In flight I shall be surely wise,
Escaping from temptation's snare;
I cannot view my Paradise
Without the wish of dwelling there.[1][2]

December 2, 1808. [First published, 1809.]


FILL THE GOBLET AGAIN.[3]

A SONG.

1.

Fill the goblet again! for I never before
Felt the glow which now gladdens my heart to its core;
Let us drink!—who would not?—since, through life's varied round,
In the goblet alone no deception is found.


  1. Without a wish to enter there.—[Imit. and Transl., p. 196.]
  2. [In a letter of Byron to J. J. Coulmann, dated within a few days of his final departure from Italy to Greece, in 1823, he writes: "Miss Chaworth was two years older than myself.
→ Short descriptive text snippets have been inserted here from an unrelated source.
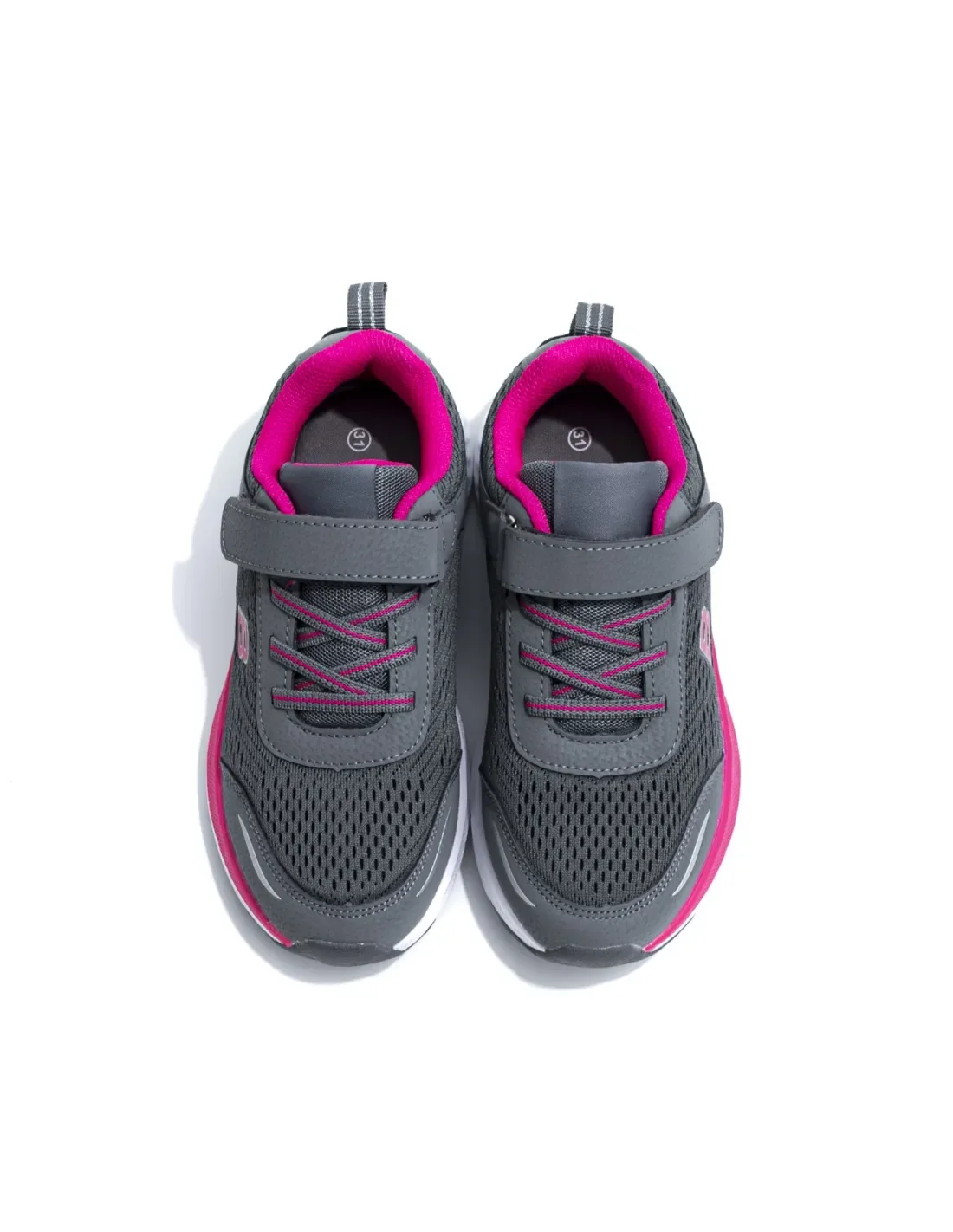 Sneakers Casual Enfant Demax 8760H – Gris et Fuchsia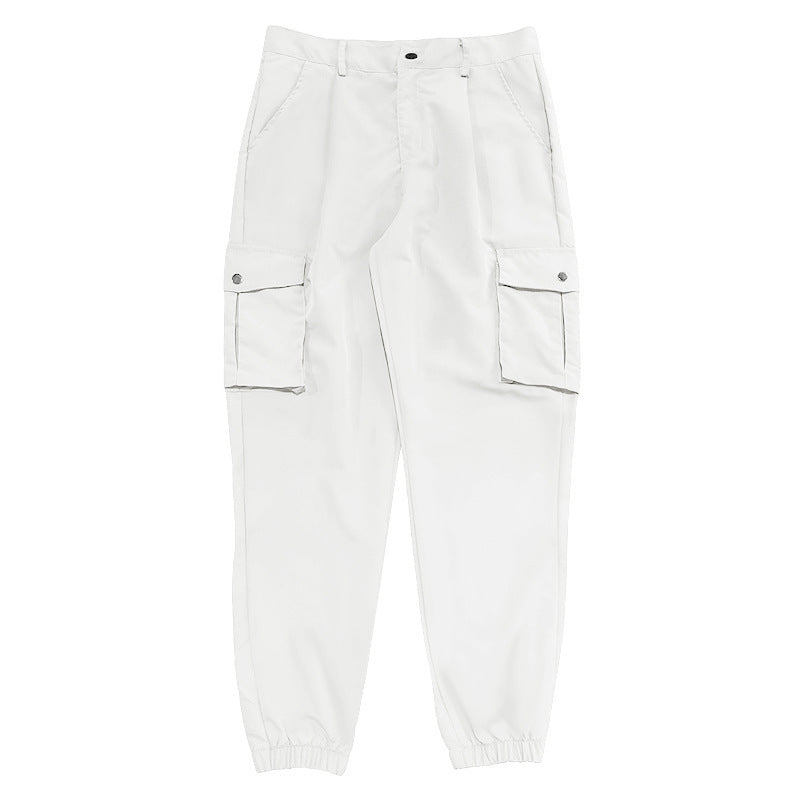 Men's cargo pants with multifunctional pockets and elastic waistband Lune London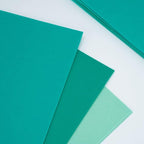 Whaline 18Pcs Felt Fabric Sheets Soft Thick Assorted Turquoise Craft Felt Pack - Image 4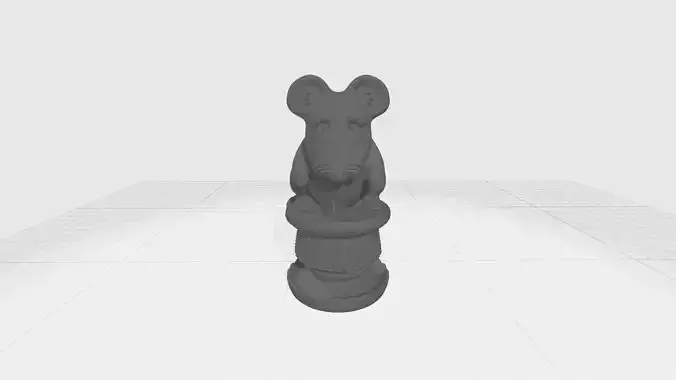 Chinese Zodiac - THE Mouse - 12 Animal Designations 3D Model
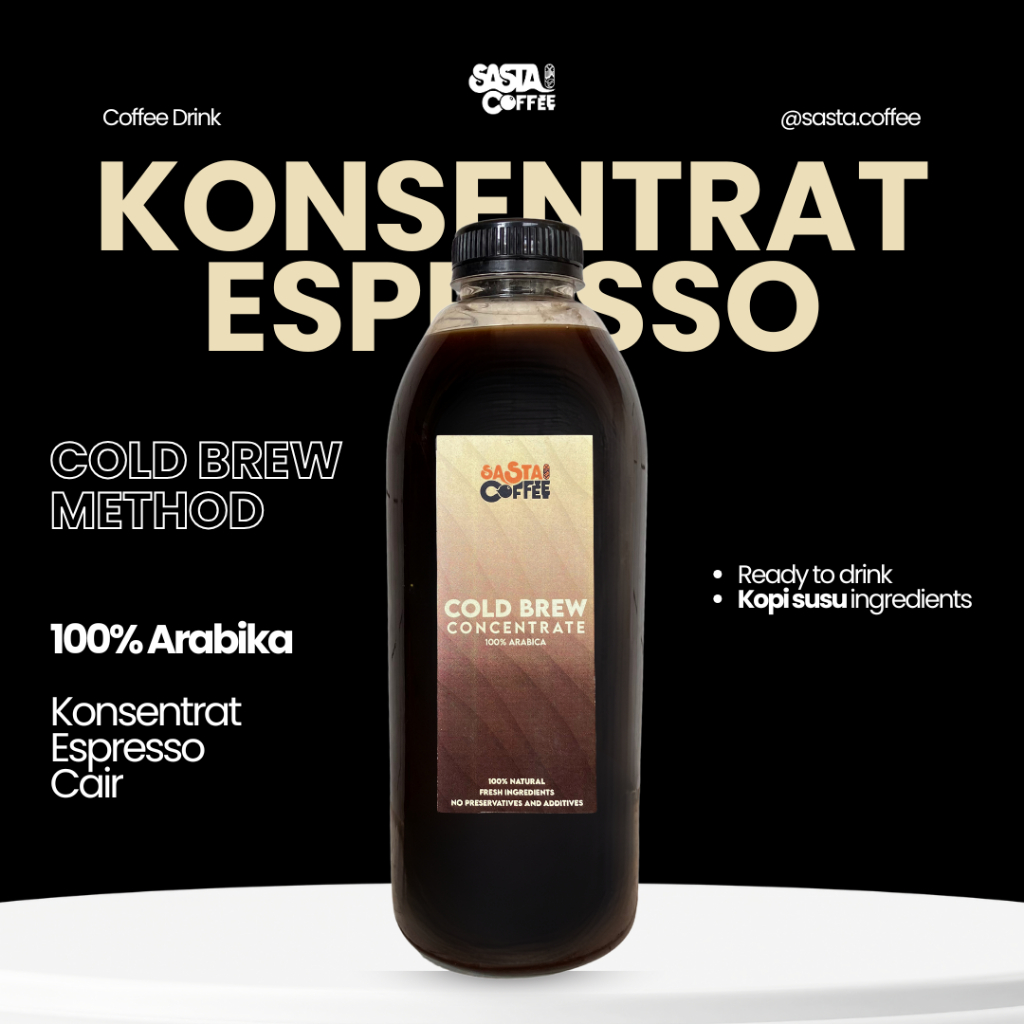 

Konsentrat Kopi Bahan Kopi Susu Espresso Cair Cold Brew 100% Full Arabika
She married a man of an ancient and respectable family, but her marriage was not a happier one than my own. Her conduct, however, was irreproachable; but there was not sympathy between their characters. I had not seen her for many years when an occasion offered to me, January, 1814. I was upon the point, with her consent, of paying her a visit, when my sister, who has always had more influence over me than any one else, persuaded me not to do it. "For," said she, "if you go you will fall in love again, and then there will be a scene; one step will lead to another, et cela fera un éclat."—Letters, 1901, vi. 233, 234.]